England's trip to face Norway in Oslo on Saturday brings back dark memories of a match synonymous with defeat and turnips.
The picture doesn't lie. That is Carlton Palmer with Three Lions on his shirt, vying for the ball as he haplessly plays his way into the worst England XI, as voted by a recent (and largely dubious) television programme, against Erik Mykland.
He was a hallmark of Graeme Taylor's ignominious reign as England manager. Taylor's tenure took in a woeful Euro 92 (three defeats, one goal) and the failure to qualify for the USA 94 World Cup, which included a 2-0 defeat to Norway in the nation's capital. In front of the glare of documentary makers.

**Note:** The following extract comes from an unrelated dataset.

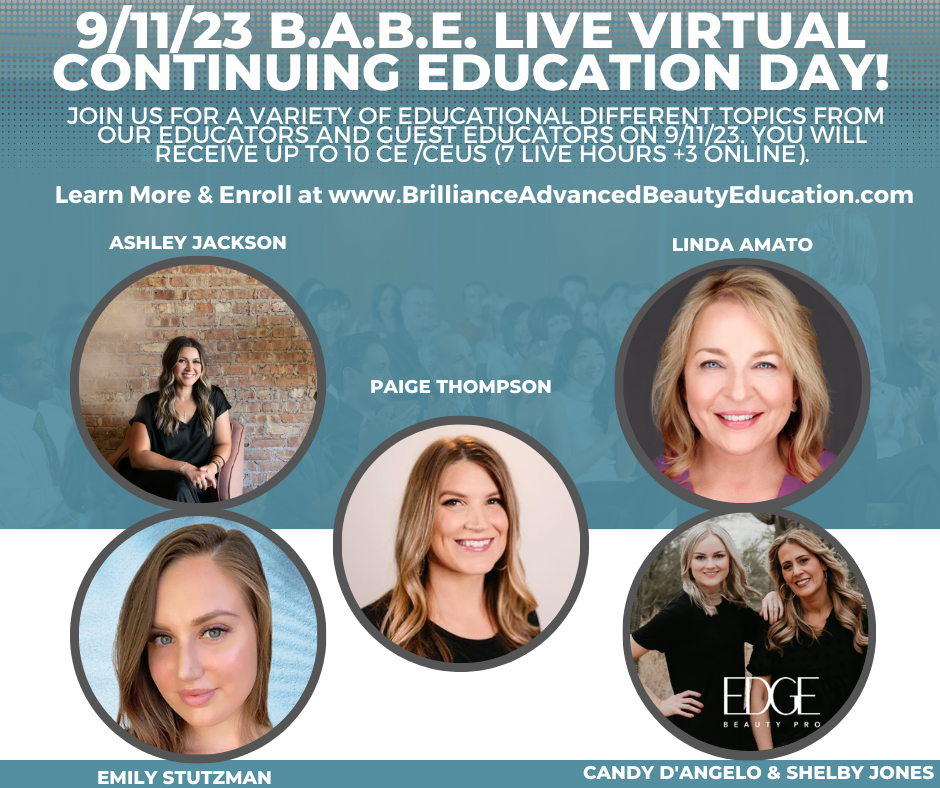 9/11 LIVE Virtual Continuing Education Day REPLAY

Taylor wanted to give the public an insight into what it was like to take on the biggest job in the country. Channel 4's "Do I Not Like That" - named after one of Taylor's musings during the defeat - paved the way for the now nationwide regard that the England job is a poison chalice. Like the finale of Indiana Jones and the Last Crusade, Taylor too chose poorly as he sipped from the cup.
His tactics in Oslo preceded those of Steve McClaren and Terry Venables' debacle away to Croatia in 2006. An impromptu 3-5-2 formation, with beanpole centre-back Gary Pallister playing as left-back to counter the Norwegians' Jostein Flo was a quixotic manoeuvre.
Do I not like that...
Taylor has however garnered respect for offering such openness, and in contrast to assistants Lawrie McMenemy and the sycophantic Phil Neal, he emerged with grace.
Roy Hodgson is aware certain quarters of the media have sharpened knives at the ready. His unafir unpopularity has been compounded by his contradictory squad selection and the underwhelming makeup of the 23-man playing party.
Glen Johnson, Danny Welbeck and Scott Parker are carrying injuries which makes their participation in Eastern Europe doubtful, and that's before mulling over the personnel to start with, the tactics and the positivity the team have long been bereft of.
Martin Kelly has been called up in the event Johnson doesn't make the trek to Poland and Ukraine, which is another snafu. Micah Richards' omission continues to baffle the majority.
Wayne Rooney's unavailability now sees the burden shifted onto the shoulders of Andy Carroll. The 23-year-old ended his campaign with Liverpool well, but the lows outweighed the highs like Harry Redknapp in a popularity contest with Hodgson.